The Association of Recruitment Consultancies (ARC) welcomes the cautious approach adopted by the Chancellor in his budget today in relation to imposition of the public sector tax rules (commonly known as IR35) on the private sector and in further considering employment practices following Matthew Taylor’s report earlier this year.
There is no doubt that the extension of the public sector rules to the private sector would be highly testing. There is significant evidence that the public sector rules and the means of deploying them by way of an online tool (CEST) are unsatisfactory. ARC had challenged various aspects earlier this year, and there is an argument for saying that both the rules and the means of deployment are incompatible with historical business tax law.
ARC believes that the consultation should consider the broader aspect of the application of the availability of tax reliefs to businesses in order to take a rounder approach more suitable to the future needs of our economy. This will require a wholesale review with joined up thinking on the principles rather than one simply driven by the Treasury under the heading of addressing tax avoidance. The starting point is that businesses per se are entitled to tax reliefs, so in what circumstances should they be disentitled. The practical effect of the IR35 public sector rules is to disentitle business from reliefs.
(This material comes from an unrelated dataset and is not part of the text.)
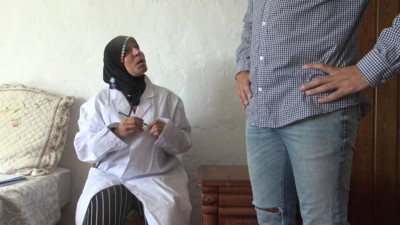 Sex hungry SouzanHalabi's amateur dirt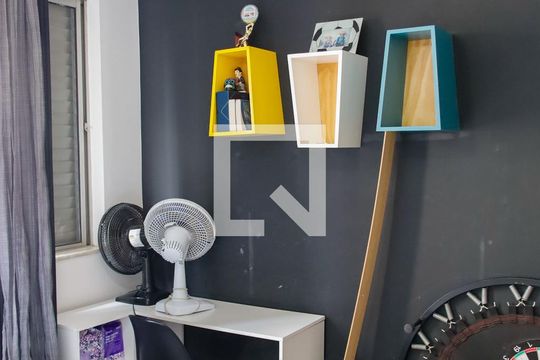 Quarto 1 de apartamento à venda com 3 quartos, 106m² em Vila São Francisco, Osasco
As regards the review of employment in the context of modern working practices, again ARC welcomes this and notes that this announcement very closely follows a report from two Commons Select Committees on this area published on 20 November. That report suggests amongst other things that an individual in business on his or her own account is one who is neither an employee nor a worker. ARC believes this is the wrong test and will be promoting the proposition that a business should be determined on proper business tests, not on an alleged employment status.
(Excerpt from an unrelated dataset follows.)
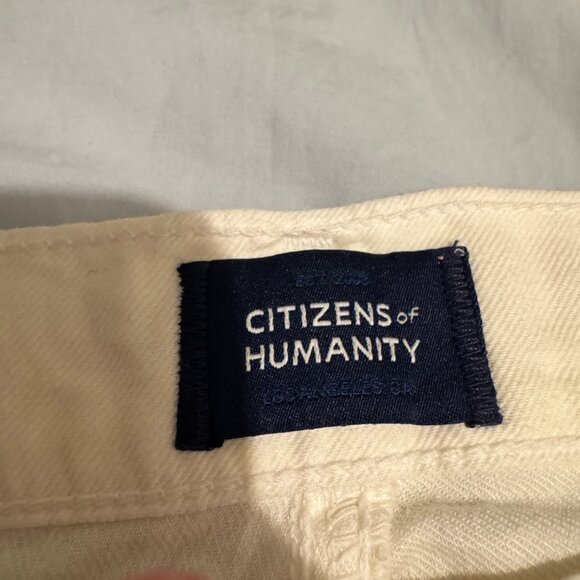 Slim, White Pants from Citizens of Humanity - Picture 3 of 7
Adrian Marlowe, Chairman of ARC said, “These two areas are linked and are critical for the success of the recruitment supply industry which plays a key role in supporting businesses and facilitating flexibility in the UK, itself a key factor in the success of our economy. Despite the clear linkage, neither is being considered in connection with the other, and both propositions should be expanded to consider the role and nature of businesses. ARC invites all who agree that there should be a wider, joined up review into these areas to work with it in campaigning for a full and proper debate. The outcome has the potential to affect productivity and shape the UK’s ability to compete in the context of a highly competitive global environment.